I would also still appreciate some danger.



The tethered were creepy and cool, but I didn't really understand what exactly about living in the underground complex made them psychotic monsters.

Red's first monologue about the conditions sounded pretty miserable! But finding out that they can just walk out seemed to severely undercut that.

It's a lovely lie that you can "just pull your bootstraps" to escape poverty... but two flights of stairs? As a barrier-to-class-mobility metaphor, that's bad.

It was definitely a fun movie, and parts worked better than others, but I think it was a mistake to ever show us the complex.

moths
Aug 25, 2004

I would also still appreciate some danger.



The character who gave us that information wasn't a tethered, though. The souls speech is their speculation, and we know from their revolt / uprising that they did have independent agency.

The first tethered we see in present day is that bloody-handed man on the beach, and the one in 1986 acted independently as well.

moths
Aug 25, 2004

I would also still appreciate some danger.



Poor individuals aren't mystically tethered to a specific, equivalent rich person.

It works better as a metaphor for people's dual nature or their potential for both good and evil maybe?

moths
Aug 25, 2004

I would also still appreciate some danger.



Groovelord Neato posted:

white people can't put their brains in black people's bodies either.

White people can (and historically have and do) exploit the everlasting gently caress out of black people, though. Get Out took that existing precedent to its next scifi step to make good commentary.

Us... didn't do that. You have literal upper and lower classes that are 1:1 mirrors of each other, except that the lower class is psychologically monstrous, engages in weird improv of their mystically bonded originals, and are incapable of autonomy (except when they aren't.) The real life poor aren't feral killers.

Probably something like Hostel did a better job of class commentary, if you want to read it that way.

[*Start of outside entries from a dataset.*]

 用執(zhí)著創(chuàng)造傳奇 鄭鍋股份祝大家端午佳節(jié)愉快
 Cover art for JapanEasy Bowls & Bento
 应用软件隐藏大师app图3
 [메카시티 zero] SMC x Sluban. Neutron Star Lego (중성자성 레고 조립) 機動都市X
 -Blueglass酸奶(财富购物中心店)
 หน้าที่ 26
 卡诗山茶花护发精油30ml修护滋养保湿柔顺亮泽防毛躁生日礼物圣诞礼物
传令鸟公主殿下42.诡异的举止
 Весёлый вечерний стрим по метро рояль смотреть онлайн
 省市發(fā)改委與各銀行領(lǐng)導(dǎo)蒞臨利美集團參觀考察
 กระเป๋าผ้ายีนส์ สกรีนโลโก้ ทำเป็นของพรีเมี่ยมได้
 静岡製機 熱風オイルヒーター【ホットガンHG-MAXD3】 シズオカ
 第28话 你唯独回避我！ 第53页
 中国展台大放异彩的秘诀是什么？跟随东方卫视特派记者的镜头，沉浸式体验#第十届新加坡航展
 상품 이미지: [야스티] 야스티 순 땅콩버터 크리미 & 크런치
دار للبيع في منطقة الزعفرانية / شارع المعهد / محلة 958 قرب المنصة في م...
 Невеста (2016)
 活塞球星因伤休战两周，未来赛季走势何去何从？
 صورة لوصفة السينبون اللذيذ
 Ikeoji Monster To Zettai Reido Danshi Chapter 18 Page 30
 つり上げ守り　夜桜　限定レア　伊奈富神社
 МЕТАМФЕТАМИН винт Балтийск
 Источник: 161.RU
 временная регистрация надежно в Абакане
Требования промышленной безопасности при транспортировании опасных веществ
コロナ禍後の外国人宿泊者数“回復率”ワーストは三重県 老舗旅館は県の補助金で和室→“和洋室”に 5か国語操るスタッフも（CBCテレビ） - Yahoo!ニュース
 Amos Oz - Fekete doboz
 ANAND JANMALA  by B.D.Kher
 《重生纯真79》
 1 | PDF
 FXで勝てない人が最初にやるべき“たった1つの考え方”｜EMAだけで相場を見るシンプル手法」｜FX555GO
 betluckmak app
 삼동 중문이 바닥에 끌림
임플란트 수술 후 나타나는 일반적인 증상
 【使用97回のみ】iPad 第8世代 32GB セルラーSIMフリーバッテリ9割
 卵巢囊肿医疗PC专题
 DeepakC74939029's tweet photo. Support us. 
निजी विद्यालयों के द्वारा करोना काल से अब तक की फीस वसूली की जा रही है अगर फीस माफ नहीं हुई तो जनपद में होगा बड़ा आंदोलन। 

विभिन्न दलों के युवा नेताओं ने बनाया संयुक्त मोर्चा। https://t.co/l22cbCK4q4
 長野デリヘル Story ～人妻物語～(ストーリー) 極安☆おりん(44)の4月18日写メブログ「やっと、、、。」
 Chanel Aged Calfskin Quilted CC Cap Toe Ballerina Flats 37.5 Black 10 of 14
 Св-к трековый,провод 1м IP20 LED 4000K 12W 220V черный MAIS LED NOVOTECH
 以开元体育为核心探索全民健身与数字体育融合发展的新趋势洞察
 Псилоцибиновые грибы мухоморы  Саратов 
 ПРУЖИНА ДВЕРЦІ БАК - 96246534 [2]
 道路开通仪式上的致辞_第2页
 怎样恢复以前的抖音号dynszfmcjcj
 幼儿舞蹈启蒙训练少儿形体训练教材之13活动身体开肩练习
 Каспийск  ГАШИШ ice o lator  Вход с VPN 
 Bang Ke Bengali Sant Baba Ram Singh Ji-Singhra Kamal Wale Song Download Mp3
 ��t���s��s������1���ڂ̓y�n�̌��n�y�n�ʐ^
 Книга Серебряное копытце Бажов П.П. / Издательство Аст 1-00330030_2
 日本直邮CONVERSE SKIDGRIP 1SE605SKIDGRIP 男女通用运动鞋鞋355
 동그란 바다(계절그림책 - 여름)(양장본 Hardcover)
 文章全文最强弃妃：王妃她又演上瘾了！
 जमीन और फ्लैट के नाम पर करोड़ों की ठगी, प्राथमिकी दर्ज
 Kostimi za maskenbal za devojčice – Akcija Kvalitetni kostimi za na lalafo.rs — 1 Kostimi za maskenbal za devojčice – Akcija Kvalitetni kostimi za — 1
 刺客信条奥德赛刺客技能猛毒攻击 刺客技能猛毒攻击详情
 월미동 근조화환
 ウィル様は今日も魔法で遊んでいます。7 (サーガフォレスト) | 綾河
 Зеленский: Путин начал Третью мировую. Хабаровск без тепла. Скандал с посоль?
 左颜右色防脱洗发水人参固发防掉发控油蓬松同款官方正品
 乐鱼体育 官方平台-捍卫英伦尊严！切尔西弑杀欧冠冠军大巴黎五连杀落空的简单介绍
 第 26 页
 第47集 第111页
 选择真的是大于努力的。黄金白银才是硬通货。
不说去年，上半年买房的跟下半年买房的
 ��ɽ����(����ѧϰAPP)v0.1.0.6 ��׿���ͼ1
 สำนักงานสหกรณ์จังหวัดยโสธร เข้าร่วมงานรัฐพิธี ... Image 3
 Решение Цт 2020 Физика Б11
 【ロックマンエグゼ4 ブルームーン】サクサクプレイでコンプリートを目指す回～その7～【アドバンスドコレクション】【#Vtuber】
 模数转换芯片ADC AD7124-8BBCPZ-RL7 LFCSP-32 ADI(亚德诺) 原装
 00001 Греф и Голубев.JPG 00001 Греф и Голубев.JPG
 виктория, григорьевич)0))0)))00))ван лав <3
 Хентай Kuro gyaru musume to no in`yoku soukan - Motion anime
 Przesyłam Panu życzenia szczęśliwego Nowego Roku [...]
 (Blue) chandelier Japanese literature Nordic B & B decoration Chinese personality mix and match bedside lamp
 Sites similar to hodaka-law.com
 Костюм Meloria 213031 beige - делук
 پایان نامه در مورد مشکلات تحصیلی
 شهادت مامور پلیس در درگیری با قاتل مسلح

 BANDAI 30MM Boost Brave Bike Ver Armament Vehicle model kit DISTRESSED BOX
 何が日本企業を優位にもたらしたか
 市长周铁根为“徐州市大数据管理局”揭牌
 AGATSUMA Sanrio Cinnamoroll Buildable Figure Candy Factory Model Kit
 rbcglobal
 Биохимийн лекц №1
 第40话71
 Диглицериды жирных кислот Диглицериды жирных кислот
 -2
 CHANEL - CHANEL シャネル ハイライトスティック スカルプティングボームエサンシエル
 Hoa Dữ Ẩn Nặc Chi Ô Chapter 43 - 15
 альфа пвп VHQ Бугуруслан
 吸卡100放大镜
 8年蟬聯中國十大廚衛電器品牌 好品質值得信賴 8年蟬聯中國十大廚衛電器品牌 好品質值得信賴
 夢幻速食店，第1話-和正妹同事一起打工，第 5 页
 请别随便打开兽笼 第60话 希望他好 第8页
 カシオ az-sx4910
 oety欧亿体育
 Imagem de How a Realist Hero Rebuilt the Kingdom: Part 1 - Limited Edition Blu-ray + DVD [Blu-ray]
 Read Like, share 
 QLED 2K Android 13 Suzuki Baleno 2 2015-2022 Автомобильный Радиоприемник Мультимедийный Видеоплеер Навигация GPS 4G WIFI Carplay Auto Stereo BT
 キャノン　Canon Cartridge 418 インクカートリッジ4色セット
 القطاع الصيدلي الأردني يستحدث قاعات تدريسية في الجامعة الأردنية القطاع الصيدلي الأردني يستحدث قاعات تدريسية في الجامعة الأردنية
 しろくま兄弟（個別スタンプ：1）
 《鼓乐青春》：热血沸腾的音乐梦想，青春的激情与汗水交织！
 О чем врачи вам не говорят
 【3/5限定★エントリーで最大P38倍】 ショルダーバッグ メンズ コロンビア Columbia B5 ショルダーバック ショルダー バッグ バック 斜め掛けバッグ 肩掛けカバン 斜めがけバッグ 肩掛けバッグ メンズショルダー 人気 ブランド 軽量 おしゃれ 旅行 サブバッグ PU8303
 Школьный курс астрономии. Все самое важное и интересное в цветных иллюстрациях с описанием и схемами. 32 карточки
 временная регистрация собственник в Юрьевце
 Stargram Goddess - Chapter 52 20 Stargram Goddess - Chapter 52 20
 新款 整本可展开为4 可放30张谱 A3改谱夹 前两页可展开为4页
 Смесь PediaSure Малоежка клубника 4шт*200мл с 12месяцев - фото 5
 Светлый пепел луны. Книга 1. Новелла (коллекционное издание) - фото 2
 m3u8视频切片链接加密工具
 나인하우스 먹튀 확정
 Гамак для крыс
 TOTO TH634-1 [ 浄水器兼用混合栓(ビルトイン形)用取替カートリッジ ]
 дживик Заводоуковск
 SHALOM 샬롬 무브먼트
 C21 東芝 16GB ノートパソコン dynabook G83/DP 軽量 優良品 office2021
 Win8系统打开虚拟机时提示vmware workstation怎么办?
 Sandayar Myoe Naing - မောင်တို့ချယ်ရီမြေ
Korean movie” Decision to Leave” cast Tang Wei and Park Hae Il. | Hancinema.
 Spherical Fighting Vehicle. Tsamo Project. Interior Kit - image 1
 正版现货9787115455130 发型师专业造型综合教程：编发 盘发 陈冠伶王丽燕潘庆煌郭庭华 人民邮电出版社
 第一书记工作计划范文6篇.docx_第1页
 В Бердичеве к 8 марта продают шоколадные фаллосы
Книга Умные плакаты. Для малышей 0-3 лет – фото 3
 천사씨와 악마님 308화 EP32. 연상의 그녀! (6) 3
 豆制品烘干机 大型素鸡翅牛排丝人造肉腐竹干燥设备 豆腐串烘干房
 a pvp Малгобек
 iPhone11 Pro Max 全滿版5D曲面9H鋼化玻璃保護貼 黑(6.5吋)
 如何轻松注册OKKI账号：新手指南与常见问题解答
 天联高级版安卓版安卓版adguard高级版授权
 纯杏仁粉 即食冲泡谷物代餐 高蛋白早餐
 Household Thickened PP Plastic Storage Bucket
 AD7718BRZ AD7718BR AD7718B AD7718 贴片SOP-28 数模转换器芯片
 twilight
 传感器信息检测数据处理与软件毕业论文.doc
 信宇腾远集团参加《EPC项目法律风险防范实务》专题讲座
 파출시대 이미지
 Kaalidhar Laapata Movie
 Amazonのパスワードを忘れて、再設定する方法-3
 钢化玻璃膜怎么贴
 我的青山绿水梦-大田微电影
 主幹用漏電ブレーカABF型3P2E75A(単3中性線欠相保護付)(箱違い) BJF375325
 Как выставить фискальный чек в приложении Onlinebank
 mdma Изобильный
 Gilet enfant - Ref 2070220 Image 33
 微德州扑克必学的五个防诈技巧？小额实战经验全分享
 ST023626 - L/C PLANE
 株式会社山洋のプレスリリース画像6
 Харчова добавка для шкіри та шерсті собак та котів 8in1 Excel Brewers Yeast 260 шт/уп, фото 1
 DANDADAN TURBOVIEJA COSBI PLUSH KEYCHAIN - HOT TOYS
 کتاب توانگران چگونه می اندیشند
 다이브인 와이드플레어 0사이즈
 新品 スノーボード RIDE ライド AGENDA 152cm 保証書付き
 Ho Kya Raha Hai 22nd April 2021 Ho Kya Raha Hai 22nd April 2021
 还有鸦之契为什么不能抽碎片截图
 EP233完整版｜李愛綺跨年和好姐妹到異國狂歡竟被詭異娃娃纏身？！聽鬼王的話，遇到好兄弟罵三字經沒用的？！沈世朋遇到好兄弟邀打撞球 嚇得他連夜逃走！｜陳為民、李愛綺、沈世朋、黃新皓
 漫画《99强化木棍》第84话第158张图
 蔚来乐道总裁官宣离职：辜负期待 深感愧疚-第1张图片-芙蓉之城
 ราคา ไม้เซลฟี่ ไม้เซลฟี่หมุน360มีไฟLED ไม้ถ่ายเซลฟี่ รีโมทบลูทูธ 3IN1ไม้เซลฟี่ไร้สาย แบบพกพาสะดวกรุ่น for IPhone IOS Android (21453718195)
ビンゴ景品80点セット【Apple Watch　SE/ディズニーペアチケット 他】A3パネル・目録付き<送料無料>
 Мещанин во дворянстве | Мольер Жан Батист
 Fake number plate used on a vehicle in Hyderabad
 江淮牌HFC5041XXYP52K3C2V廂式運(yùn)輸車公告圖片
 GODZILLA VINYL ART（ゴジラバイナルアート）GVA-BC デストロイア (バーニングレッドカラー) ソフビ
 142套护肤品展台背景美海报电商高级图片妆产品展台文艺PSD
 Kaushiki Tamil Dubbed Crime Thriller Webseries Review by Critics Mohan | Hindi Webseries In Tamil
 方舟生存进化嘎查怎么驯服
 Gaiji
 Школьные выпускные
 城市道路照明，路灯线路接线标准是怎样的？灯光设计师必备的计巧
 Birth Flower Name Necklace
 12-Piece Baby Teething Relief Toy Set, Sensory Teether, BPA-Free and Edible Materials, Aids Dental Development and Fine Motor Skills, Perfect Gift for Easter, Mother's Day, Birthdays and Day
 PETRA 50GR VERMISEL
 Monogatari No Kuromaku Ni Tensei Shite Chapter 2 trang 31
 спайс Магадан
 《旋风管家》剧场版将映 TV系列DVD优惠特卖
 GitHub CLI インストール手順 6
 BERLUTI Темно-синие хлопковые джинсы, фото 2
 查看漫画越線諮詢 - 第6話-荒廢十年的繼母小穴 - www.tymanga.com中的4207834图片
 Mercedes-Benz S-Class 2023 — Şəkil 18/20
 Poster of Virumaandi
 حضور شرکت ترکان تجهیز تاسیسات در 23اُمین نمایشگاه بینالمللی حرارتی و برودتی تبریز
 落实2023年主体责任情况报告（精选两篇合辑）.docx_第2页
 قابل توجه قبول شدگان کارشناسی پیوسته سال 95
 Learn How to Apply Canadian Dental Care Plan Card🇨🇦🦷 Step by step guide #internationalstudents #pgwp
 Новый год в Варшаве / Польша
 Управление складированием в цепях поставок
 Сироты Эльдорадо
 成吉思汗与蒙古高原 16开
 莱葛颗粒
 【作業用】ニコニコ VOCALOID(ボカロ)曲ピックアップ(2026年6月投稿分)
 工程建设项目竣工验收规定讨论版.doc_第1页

There seems to be a lot to unpack in Us, but I came away feeling like it was disconnected window-dressing. It had powerful images and symbolism, but no consistent underlying message to contextualize them. And if there was, it was too confused by the metaphor.

moths
Aug 25, 2004

I would also still appreciate some danger.



The "system" was a weird bunker without oversight. Nobody was directing the psychotic behavior, since whoever was running the experiment* had abandoned it. They were influenced by a magical "tether," but only in as much as they pantomimed the surface world.

The movie's message then becomes that when left to their own devices, the poor will become feral monsters? Driven only by class envy, they'll murder forever? That seems like a stretch.

*assuming it even was an experiment. None of the bunker tethered were capable of speech, so how would that have been communicated?

I think it was meant as a large-scale Frankenstein story. Reading class into it presents more problems than it addresses. Plus it encapsulates the narrative of the novel better than any Frankenstein movie to date.

moths
Aug 25, 2004

I would also still appreciate some danger.



It's been decades since I read it, but I feel like the alienation and rage Frankenstein's creation felt had infinitely more to do with his "father's" treatment of him than any particular class issue.

But he was also shown to be capable of sophistication under ideal circumstances, like the tethered. I feel like Us makes much more sense as a similar commentary on human nature and nuture than a "the poor are monsters (but it's not their fault)" read.

You have identical people exposed to different conditions, which basically translates to a control group and an experimental group.

Plus the film went out of it's way to show us tethered existing across all social classes - it's kind of short-sighted to write it off as "obviously" a rich / poor analogy when there's clearly a lot more going on.

E: Us also leans extremely hard on folklore about fairy-folk leaving changeling children, I'm surprised that hasn't come up in anything I've read.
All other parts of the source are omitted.